Though I will argue against an infectious disease being able to cause an extinction or even a global catastrophic biological event for humans it should not be construed as minimizing the impact and importance of extreme resiliency against infectious disease threats. What my discussion does provide is a framework to better focus preparedness on the most crucial elements. How can we minimize the chance that infectious disease threats cause disarray? If a low lethality pandemic like COVID-19 can wreak such havoc, what would happen if something far more dangerous took hold.

 

As part of my argument, I will introduce several themes or principles that will provide a framework that I, personally, rely on as a lens to understand past infectious disease events, gauge the impact of current threats, and try and predict those that lie in the future.
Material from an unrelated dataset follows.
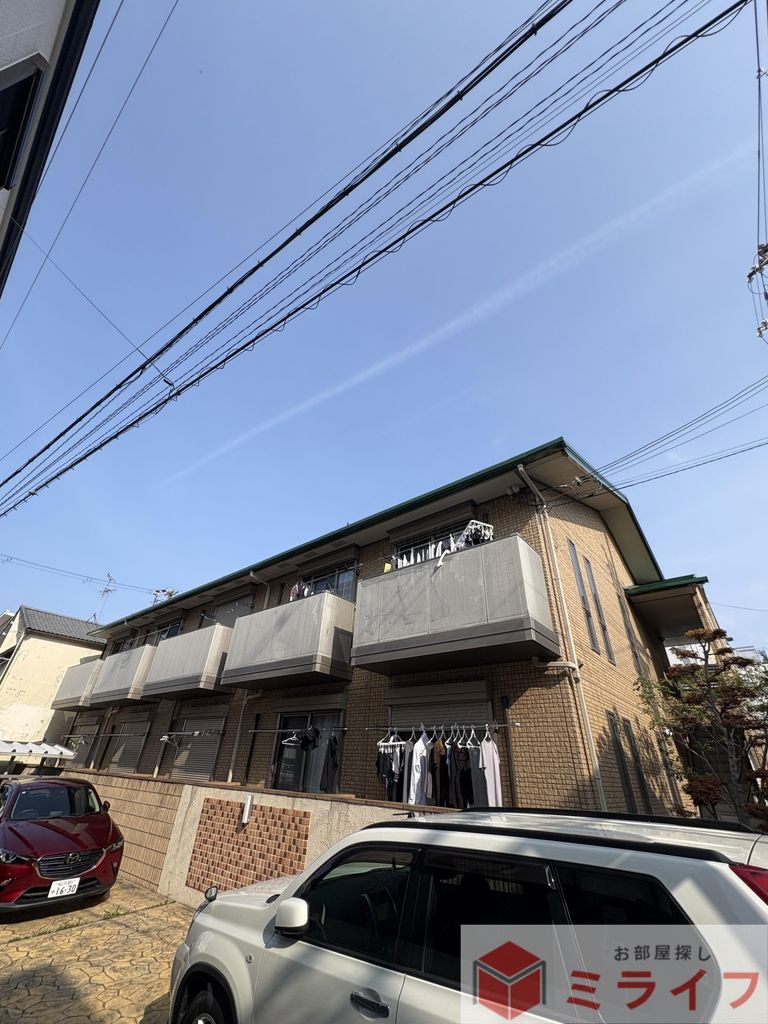 建物外観　管理の行き届いた、清潔感あふれる外観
Whether or not they are exhaustive, at minimum this framework provides an integrated and principled way of thinking about this field. I consider the below points my primaries, first principles, or starting points:

 

1.    For an extinction level event to occur, an infectious disease will have to possess certain attributes that allow it to first cause a pandemic. Not every infectious disease has pandemic potential.

 

2.    By its very nature a pandemic pathogen must be capable of transmitting efficiently between humans, putting bounds on which of the myriad members of the microbial world are capable of this feat.

 

3.    The human immune system, which evolved in the midst of our microbial planet, is a major constraining factor on the impact of infectious disease threats because of how it operates.

 

4.     The human mind’s ability to develop new tools to attenuate the impact of infectious disease threats — in increasingly more rapid fashion — has grown increasingly formidable through our species’ existence.

 

Any human pathogen — whether pandemic, epidemic, or outbreak worthy — will have to overcome these factors.

 

So, here again is the crucial question I began with, but reformulated: why couldn’t an infectious disease constitute an existential level threat to humans?